DIPOLOG CITY – Almost 100 mining stakeholders composed of local government officials, local business chamber officers, community members and church leaders are gathered here today for a one-day Fundamentals of Minerals Development (FMD) seminar.

Said forum is the fourth of a series of conversations with mining stakeholders in Mindanao spearheaded by the Coalition for Responsible Mining in Mindanao (COREMin2) in partnership with the University of the Philippines Department of Mining, Metallurgy and Materials Engineering, the Chamber of Mines of the Philippines and the Mines and Geosciences Bureau.  The first FMD was held late last year in Pagadian, Zamboanga del Sur. Davao City and Koronadal, South Cotabato hosted the FMD in January and February 2011, respectively.

Topics covered are meant to introduce the concept and applications of responsible mining in the Philippines.  It also aims to dispel unfounded accusations about large scale mining that have been perpetrated by the wittingly misinformed anti mining groups.  The FMD serves as a venue for the public to raise their concerns and/ or ask questions about mining and get the reliable answers straight from competent learned professionals.

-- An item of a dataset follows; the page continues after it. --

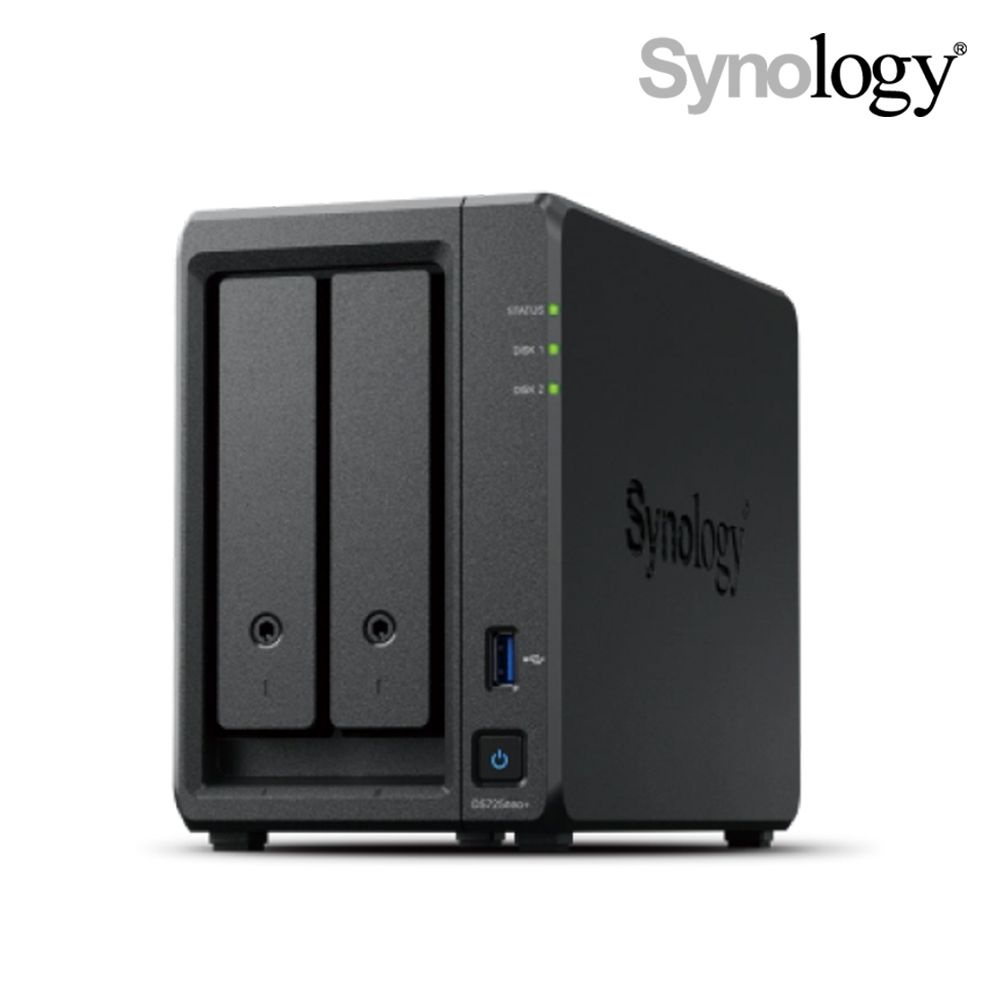 시놀로지 나스 DS725neo+ NAS 2BAY [DSM 초기설정 원격지원+3년보증정품]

Below is the list of topics and their respective resource persons:

Minerals and Industrial Development/ Minerals and Metals in our Daily Lives – Engr. Louie Sarmiento, Philippine Mine Safety and Environment Association President

Understanding the Geological Wealth of the Philippines – Engr. James Jun Hernando, District Geologist, TVIRD

The Philippine Mining Act of 1995 – Engr. Larry Heradez, Chief, Mining Tenements Division, MGB Central Office

Mining and Metallurgy – Engr. Ramil Mundo, Site Manager, Sibutad Project of Philex Gold Philippines

Mining Benefits – Engr. Rodolfo Velasco, Chief, Mining Environment and Safety Division, MGB Central Office

Environmental Management and Protection – Virna Baguio, Sr. Science Research Specialist, MGB Region IX

Two representatives from mining communities in Sibutad (President of the Parish Pastoral Council) and Siocon (member of the Subanon Tribe) gave first hand testimonials of the impact of mining operations in their lives, debunking common impressions that large scale minerals development is dirty, destructive and dangerous.  From what they have shared, they see the mining companies as genuine partners of their communities.